(DATASET EXTRACT Opens)
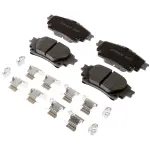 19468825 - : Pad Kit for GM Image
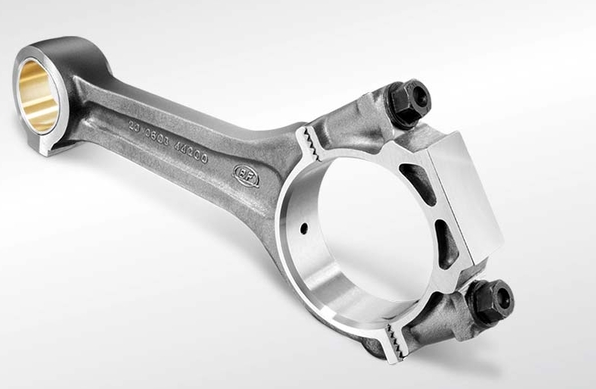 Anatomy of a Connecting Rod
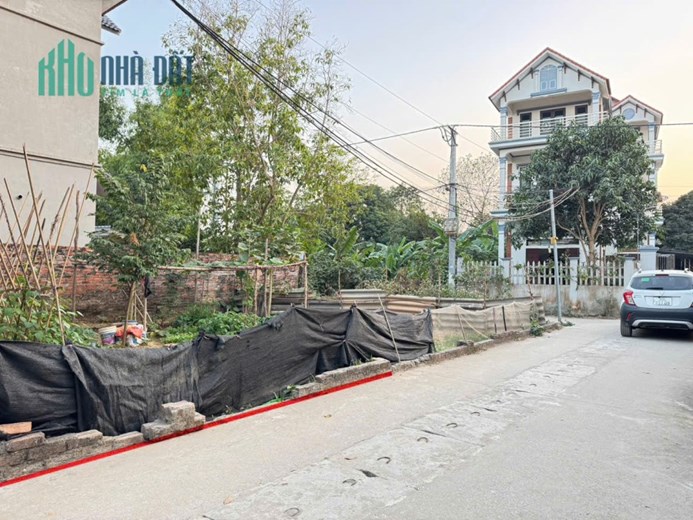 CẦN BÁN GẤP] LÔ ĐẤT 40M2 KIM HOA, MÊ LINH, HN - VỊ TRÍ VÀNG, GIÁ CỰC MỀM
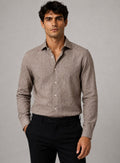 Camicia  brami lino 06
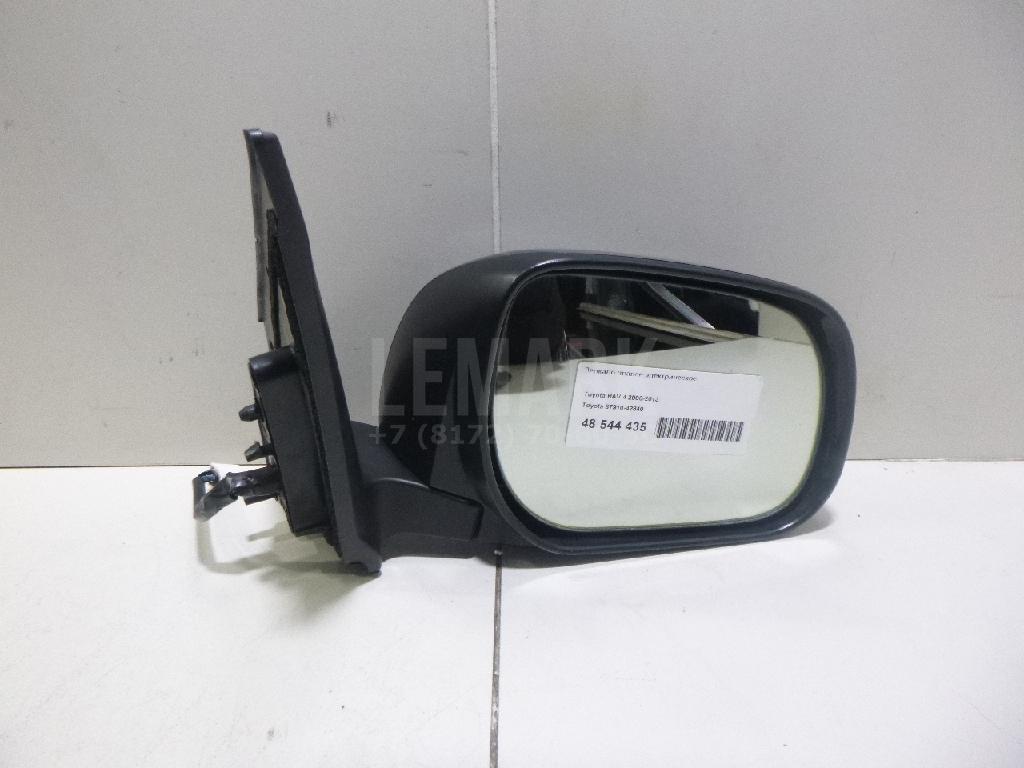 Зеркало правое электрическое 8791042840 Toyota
(DATASET EXTRACT Closes)
=== TASK TO COMPLETE ===
Every record should be duplicated exactly, though any picture in it must be left out.

=== REPLY TO THE EXERCISE ===
 19468825 - : Pad Kit for GM Image
 Anatomy of a Connecting Rod
 CẦN BÁN GẤP] LÔ ĐẤT 40M2 KIM HOA, MÊ LINH, HN - VỊ TRÍ VÀNG, GIÁ CỰC MỀM
 Camicia  brami lino 06
 Зеркало правое электрическое 8791042840 Toyota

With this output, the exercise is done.